Work item: Leave the pictures out and restate each entry below word for word.

Input for this task:
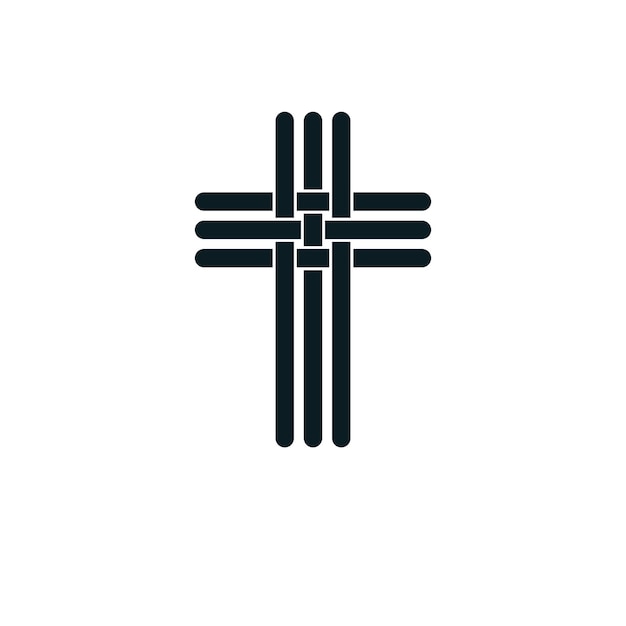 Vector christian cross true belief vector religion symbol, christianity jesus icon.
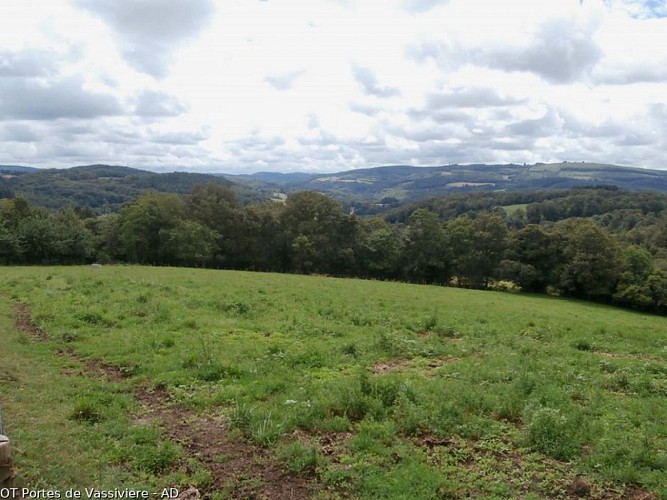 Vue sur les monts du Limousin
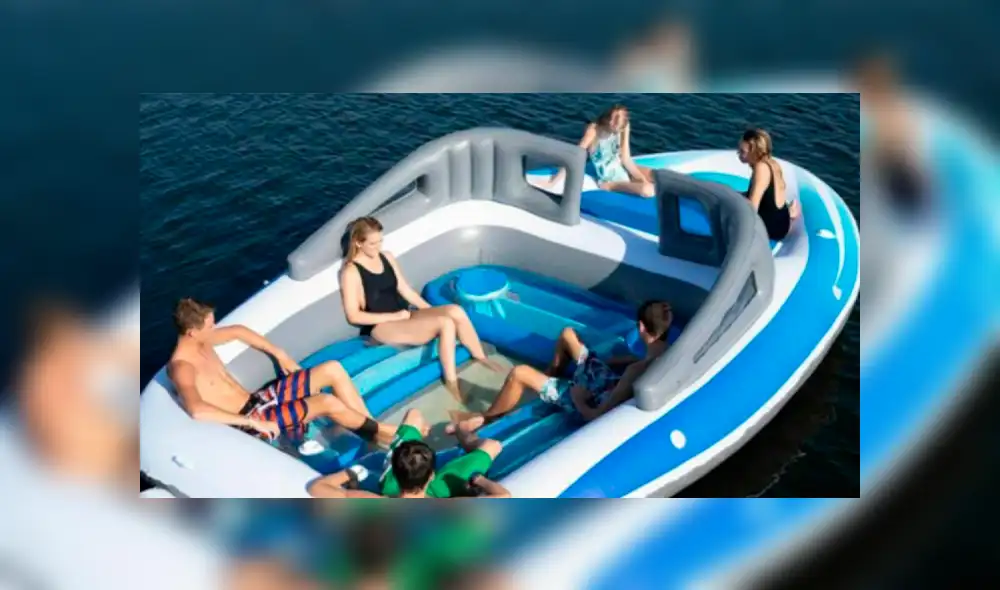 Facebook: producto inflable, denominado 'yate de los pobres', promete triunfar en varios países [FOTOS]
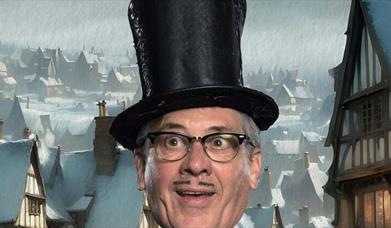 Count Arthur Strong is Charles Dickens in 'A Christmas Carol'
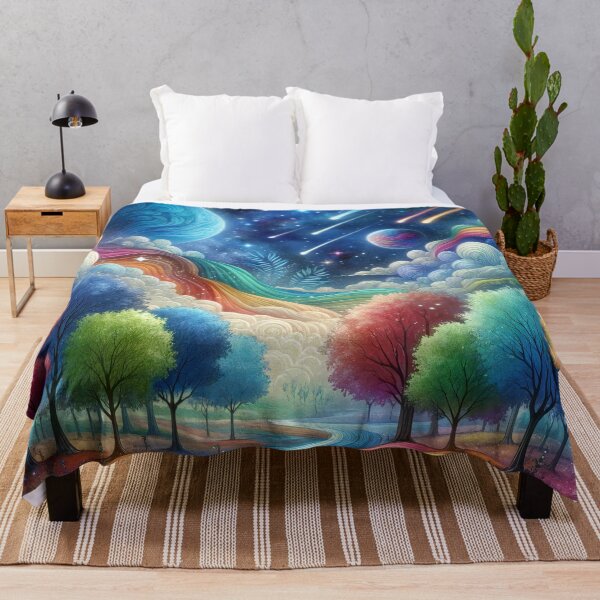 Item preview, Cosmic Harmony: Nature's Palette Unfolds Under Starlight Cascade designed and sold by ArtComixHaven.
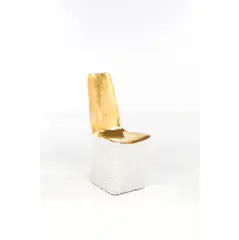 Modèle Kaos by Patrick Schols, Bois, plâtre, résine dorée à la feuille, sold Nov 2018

Response area:
 Vector christian cross true belief vector religion symbol, christianity jesus icon.
 Vue sur les monts du Limousin
 Facebook: producto inflable, denominado 'yate de los pobres', promete triunfar en varios países [FOTOS]
 Count Arthur Strong is Charles Dickens in 'A Christmas Carol'
 Item preview, Cosmic Harmony: Nature's Palette Unfolds Under Starlight Cascade designed and sold by ArtComixHaven.
 Modèle Kaos by Patrick Schols, Bois, plâtre, résine dorée à la feuille, sold Nov 2018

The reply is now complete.